District accreditation teams went to schools where troops were deployed “expecting the worst … kids crying in the hallways” and frantic teachers, Calabria said. Instead, Baumholder and nearby Neubrücke Elementary received exceptional ratings.

Teachers, parents and students offered myriad explanations why the system worked, from the resilience of military children to extraordinary efforts by teachers and school administrators, to DODDS deployment programs instituted since the first Gulf War.

“With everything else in their lives turned upside down,” school routines imparted a sense of normalcy that helped students cope, said Frank O’Gara, DODDS spokesman.

“In the first Gulf War, we were learning,” O’Gara said. Then came deployments for the two Europe-based divisions to Bosnia and Kosovo, with DODDS developing deployment and crisis plans. The 2002 deployment to Bosnia created a core of teachers “who’d already been through it,” Calabria said.

Different wars

Martha Sommer, a fourth-grade teacher at Neubrücke Elementary, says she saw a big difference between the 1991 Gulf War, when she was a teacher at Ansbach Elementary, and the 2003-04 school year.

Twelve years ago, it “was horrible,” she said. There was no Internet. No easy way for families to stay connected during deployments, Sommer said.

And because it had been so long since a major deployment, many spouses had no idea their soldiers could really go to war, she said.

“They thought they were here to go shopping in Poland,” Sommer said of some family members. In 1991, “I saw mothers break down,” Sommer said.

This time around, “the mothers were so much the backbone” of the community, she said. For example, the 90-day extension of the 1st AD — announced on April 16 — happened during DODDS’ spring break.
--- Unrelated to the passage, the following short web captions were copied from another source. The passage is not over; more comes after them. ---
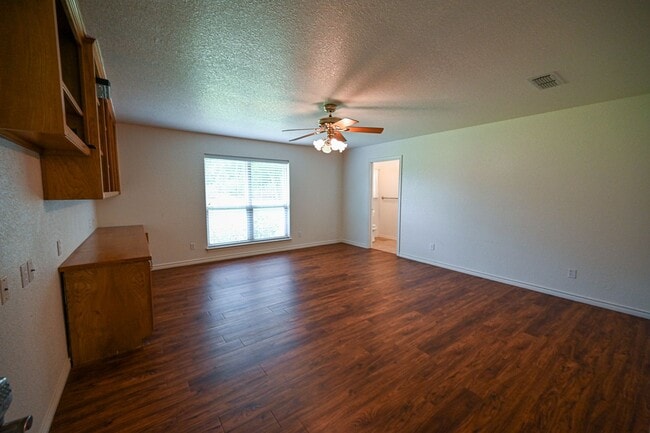 Photo - 3 Bed 2 Bath SFR in Decatur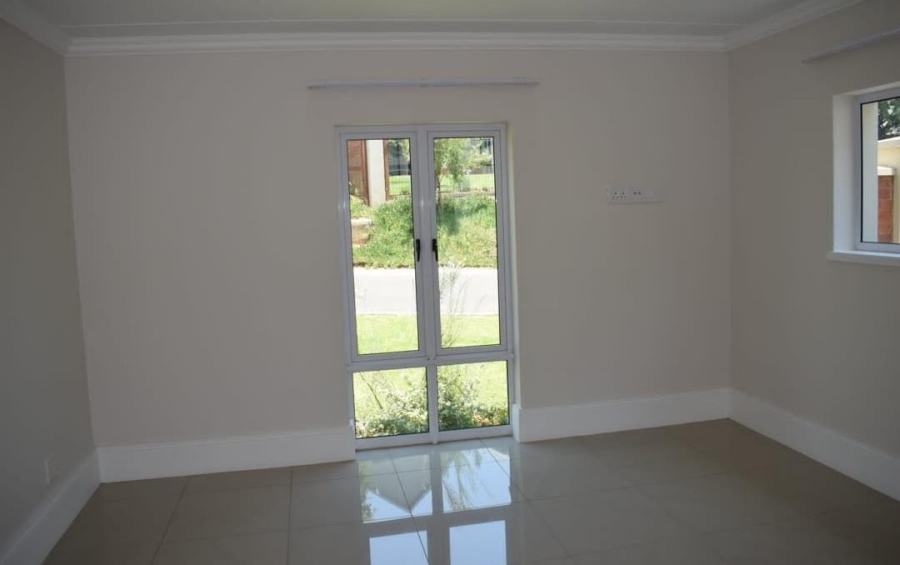To Let 5 Bedroom Property for Rent in Waterfall Gauteng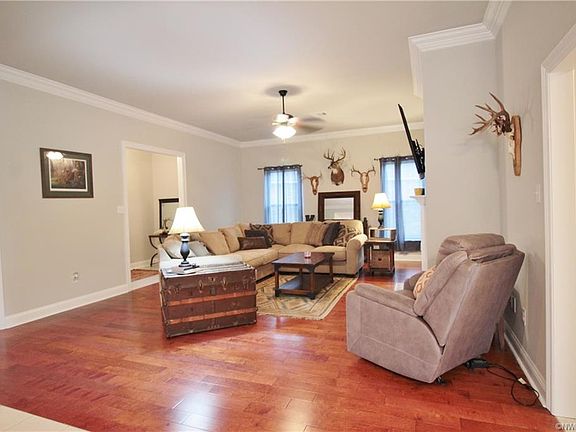 2nd image of 1572 Riverview Ln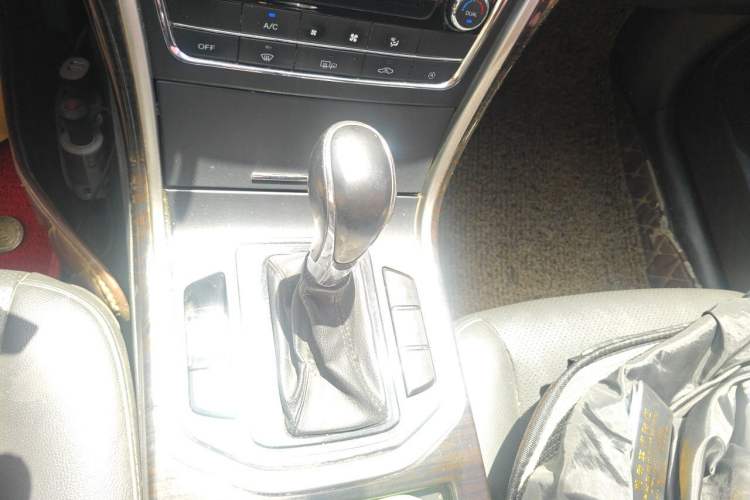 Used CHANGAN Raeton 2016 1.8T Automatic Smart Enjoyment Zunchi Model Gear Lever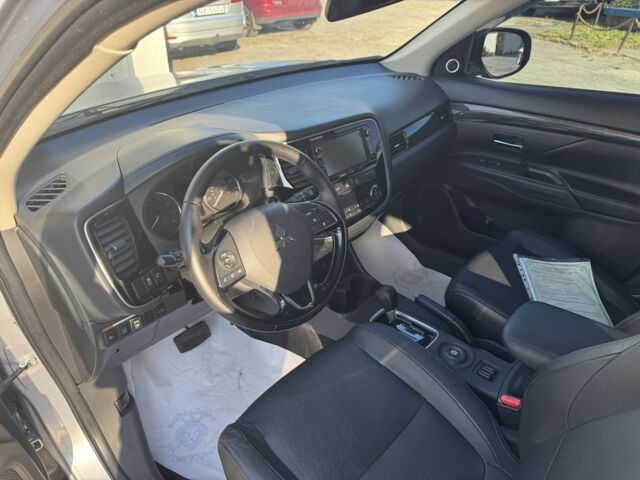 Серый Мицубиси Аутлендер, объемом двигателя 2.4 л и пробегом 125 тыс. км за 17800 $, фото 14 на Automoto.ua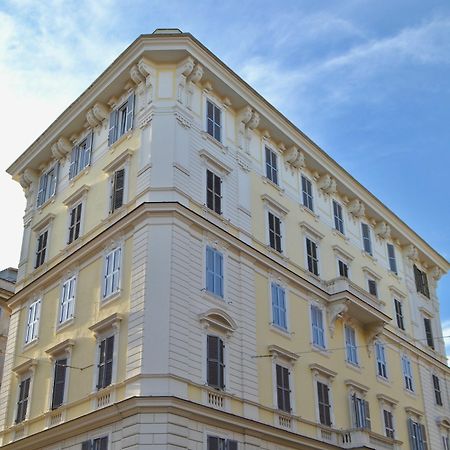 Mascherino Suites Рим Екстериор снимка
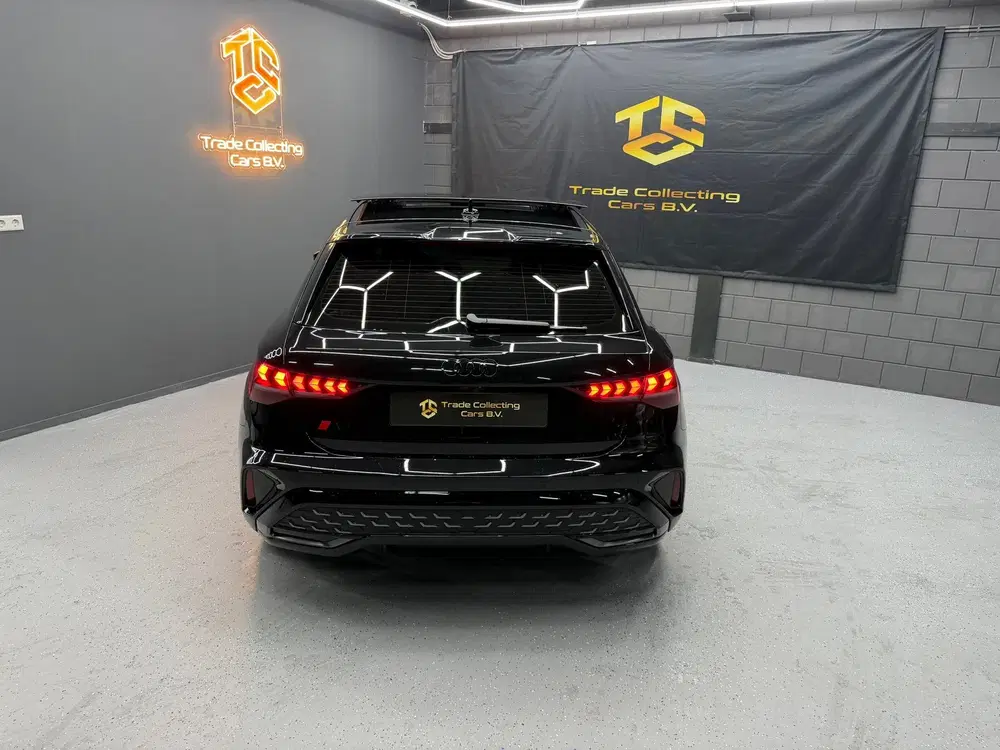 Audi A3 35 TFSI S-Edition-Pano-Keyless-Sonos-Ambi uit 2024, foto 11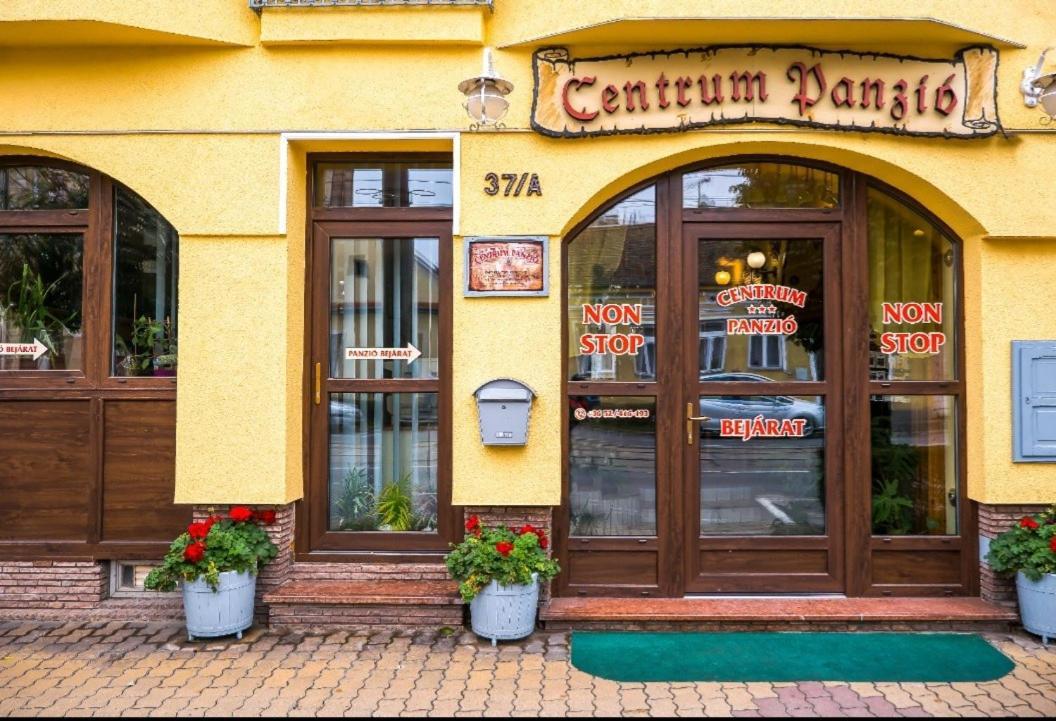 Centrum Panzio Debrecen Luaran gambar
To a great extent, mothers had children back on track before school resumed, Sommer said. Teachers talked about the extension, then went on with lessons, she said.

Modern Army families have few illusions, said Pamela Brown: “My kids understand what my husband’s job is.” They know, she said, that whether it’s to the field or war, “he could leave at any time.”

Another major difference between 1991 and 2003 was that during the first Gulf War, the war became a taboo subject, Sommer said. “It was sort of a hush-hush thing.”

This time around, the deployment was woven into nearly every school day, which teachers said diffused the tension.

Sherry Brooks, who teaches at Neubrücke, had her English as a Second Language students writing letters to soldiers. Students put together packages for soldiers and for Iraqi kids, and wrote letters to single soldiers, she said. A Neubrücke counselor held daily lunch talks for students coping with parents being away.

Weaving the war into the class day help students move on to work, Brooks and Sommer said.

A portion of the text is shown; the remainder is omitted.